I am dealing with some problems, which make me get stuck. It seems to me that I need to find an extension, given a proper map on a subset. Here are my questions:

  1. Let $M$ be a smooth manifold, $A \subseteq M$ is a closed subset. Here is a proper map $f:A \rightarrow \mathbb{R}$. Is it right or not: $f$ can be extended continuously to proper map $F: M \rightarrow \mathbb{R}$. I tried to puncture a euclidean space to construct a counterexample but failed.
  2. Let $M$ be a smooth manifold with boundary, $U \subseteq M$ is an open neighborhood containing $\partial M$. Here is a smooth embedding $h: U\rightarrow \mathbb{H}^{2n+1}$. Can we extend it to a proper map $H: M\rightarrow \mathbb{H}^{2n+1}?$ If such a $H$ exists, can I request that there is a strict positive lower bound $\mu$ such that $H: IntM \rightarrow \mathbb{R}^{2n}\times[\ \mu ,+\infty\ ]$?

In fact, question 2 appears when I try to deal with this problem. By collar neighborhood, the smooth embedding $h$ exists. If we find $H$ above, we can correct proper map to global smooth embedding step by step. Sincere appreciation for any help!

The definition of proper map here requests continuity. $\mathbb{H}^{2n+1}$ denotes closed 2n+1-dimensional upper half-space of $\mathbb{R}^{2n+1}$.


Edit: For question (2), let us assume that $h$ is some smooth embedding obtained from the collar neighborhood theorem. Can the required extension exist?

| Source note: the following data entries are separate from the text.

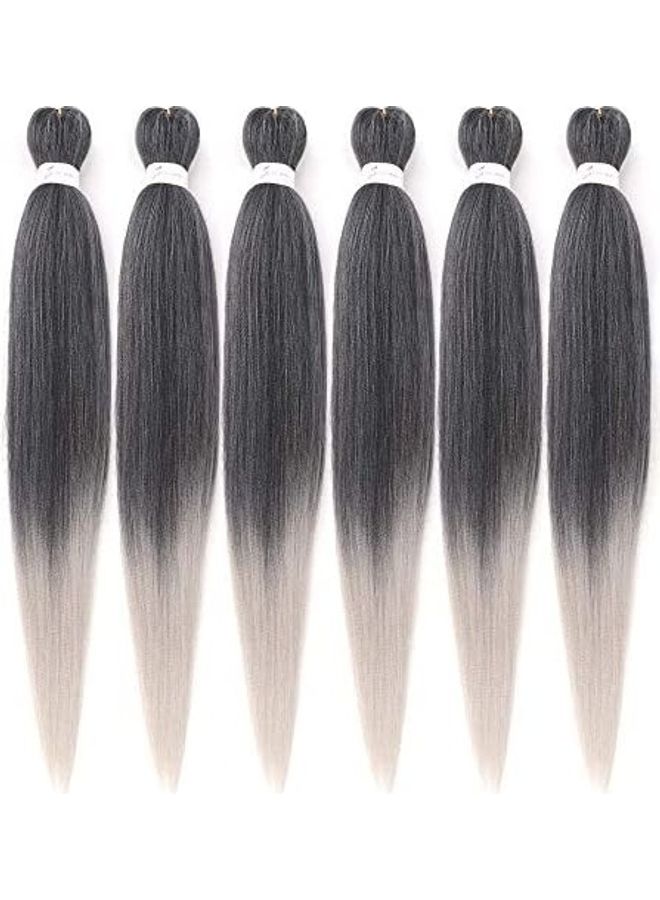 Pack Of 6 Fiber Easy Braided Hair Black/Grey 18inch - v1609238307/N43357466A_1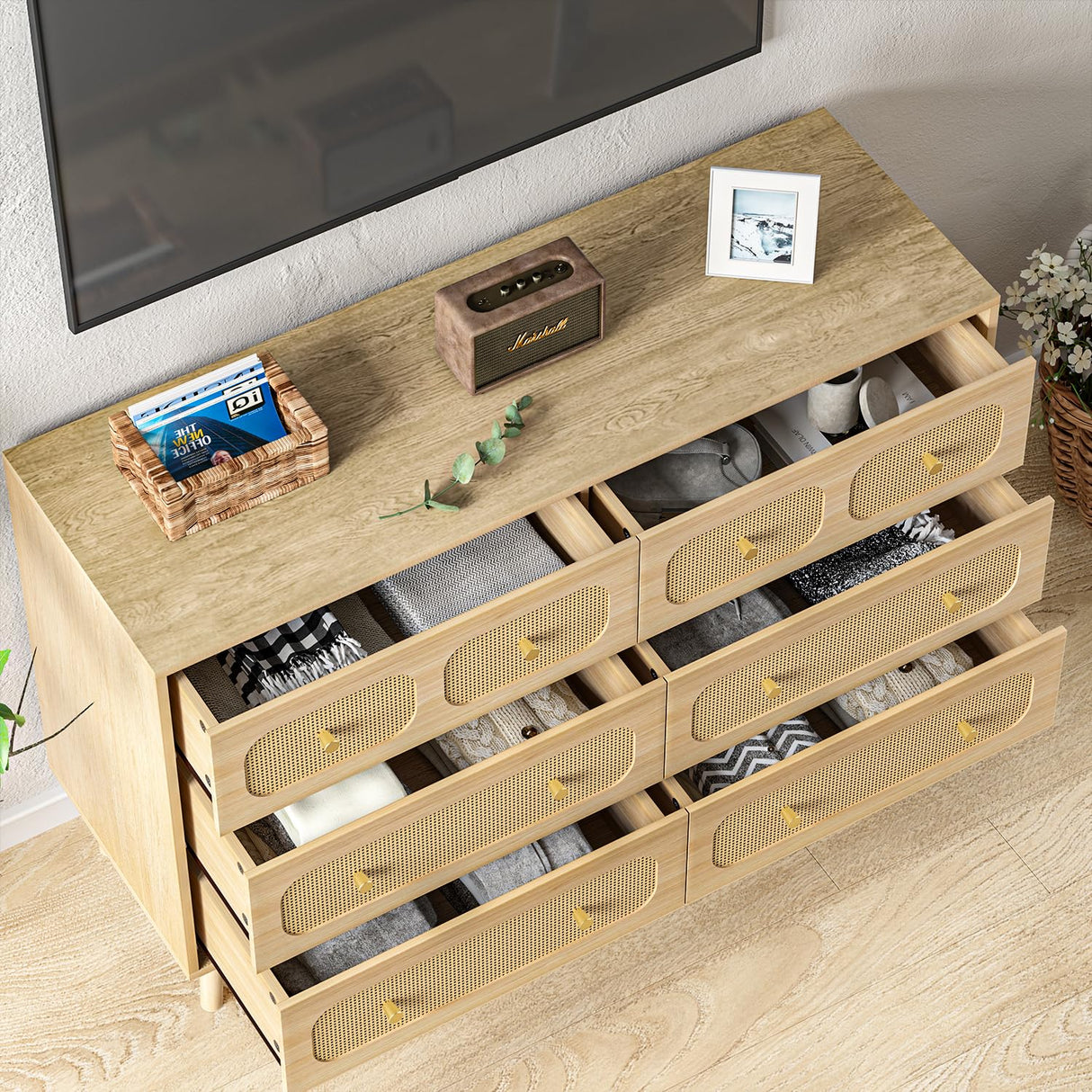 HOUROM Rattan Dresser for Bedroom, Modern 6-Drawer Double Dresser with Gold Handles, Wood Storage Chest of Drawers for Bedroom HOUROM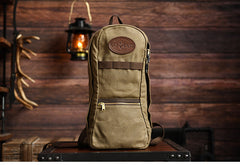 Slim Waxed Hiking Canvas Backpack Slim Canvas Mens Waterproof Backpack for Men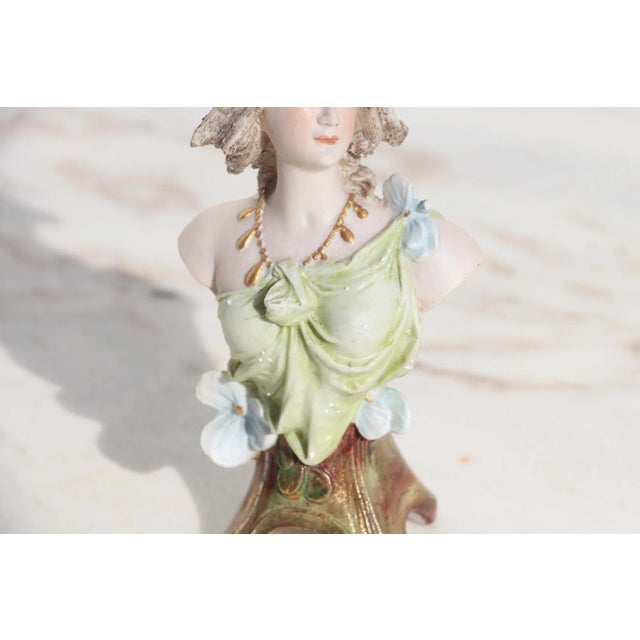 Ceramic 1900s Art Nouveau Small Woman Bust, Bisque Porcelain, Germany For Sale - Image 7 of 13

  1. Let $M$ be a smooth manifold, $A \subseteq M$ is a closed subset. Here is a proper map $f:A \rightarrow \mathbb{R}$. Is it right or not: $f$ can be extended continuously to $F: M \rightarrow \mathbb{R}$.

By Tietze extension theorem every such map has a continuous extension. But I assume you want the extension to be proper as well. Such extension does not have to exist. Here's an example: consider $M=\mathbb{R}$, $A_n=[2\cdot n, 2\cdot n+1]$ and $A=\bigcup_{n=0}^\infty A_n$. Clearly $A$ is closed. Now define

$$f:A\to\mathbb{R}$$ $$f(x)=\begin{cases} x &\text{if }x\in A_n\text{ and }n\text{ is odd}\\ -x &\text{if }x\in A_n\text{ and }n\text{ is even}\\ \end{cases}$$

The map is continuous and proper (because $f^{-1}(X)\subseteq X\cup -X$). I will show that no continuous extension of $f$ is proper.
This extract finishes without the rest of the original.